The other thing that struck me as out of place was the kitchen. I asked if we could explore the idea of moving the kitchen closer to the back of the house and relocating the fireplace to help with the flow and connection to the outdoors. My hope was to give better visibility for watching the kids play outside while the parents were working/prepping in the kitchen. It was also on my radar to create purposeful zones for the family to hang out in; like a cozy fireplace zone, plenty of island seating and a big family table for meals.
Unfortunately, during our 3-month design phase, their youngest daughter left the water running in the bathroom, which in turn proceeded to flood the bath and the rooms below. So, the project grew from a kitchen remodel into two baths, stairway, and basement remodel. This was not the typical path for scope to creep. But we had earned their trust (after they had a bad experience with a different general contractor the year before) and they elected to use us for the repairs instead of an insurance crew.

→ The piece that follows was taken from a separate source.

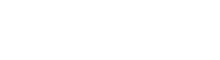FIFA 19 (Xbox One), The Game Ops, thegameops.com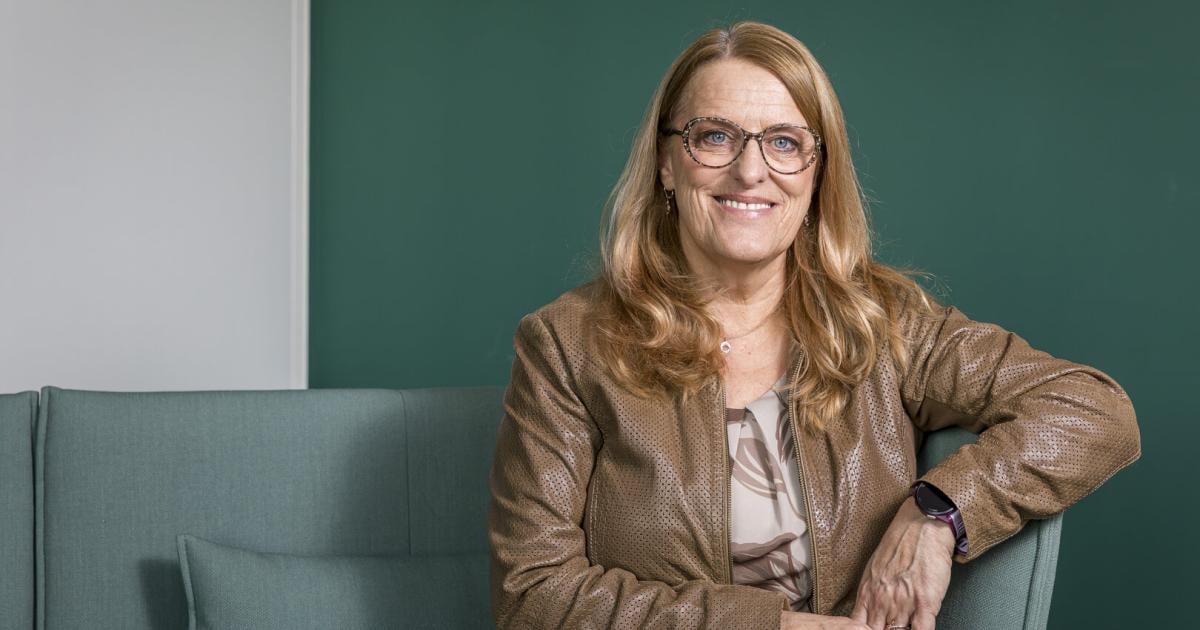 SP-Staatssekret-rin-Das-mutet-hinterw-ldlerisch-an-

We ended up having a lot of fun with the main level living area. The kitchen became much more modern with nice windows facing out the back. And it had a double patio door adjacent to the island that walked right out onto the porch and faced the patio. Removing one of the other patio doors transformed a walkway into a lovely covered outdoor dining area. Not to forget the amazing fireplace, with a twist on basic steel panels, it became an elegant modern design.
The bathrooms ended up being very playful and stunning as well. The kids’ bath now has a mindful tile layout of wainscotting. I would say the vanity is an engineering marvel, almost like a wall mounted sink with floating drawers beneath. The guest bath on the main level was re-wallpapered and given a fresh look. And the basement was put back together.
The mudroom became the last piece of the puzzle. We eliminated a window to improve the efficiency. You might ask if that had an impact on the daylighting…yes, but not much. The window was under a big porch overhang and luckily the entry door is half glass. So, the added storage for a family of five outweighed the minimal daylight sacrifice.
As with any project, it didn’t go perfectly. After it was all said and done, the heated floors in the primary bath didn’t work. It was baffling since we hadn’t really done anything in that room. But after some careful analysis of the system, our Production Manager determined that we had damaged a heating element when we cut in the new flue chase for the fireplace. She found an ace to make the delicate repair and we were back up and running.
It’s not a question of “if something will go wrong on your project,” but more about how your team will face the issue “when” it happens. Our clients have mentioned time and time again how pleased they were with our team's honesty and forthrightness when facing adverse situations. There’s no doubt that we want to stand behind our product, but we also want to stand tall with our relationships. They mean everything.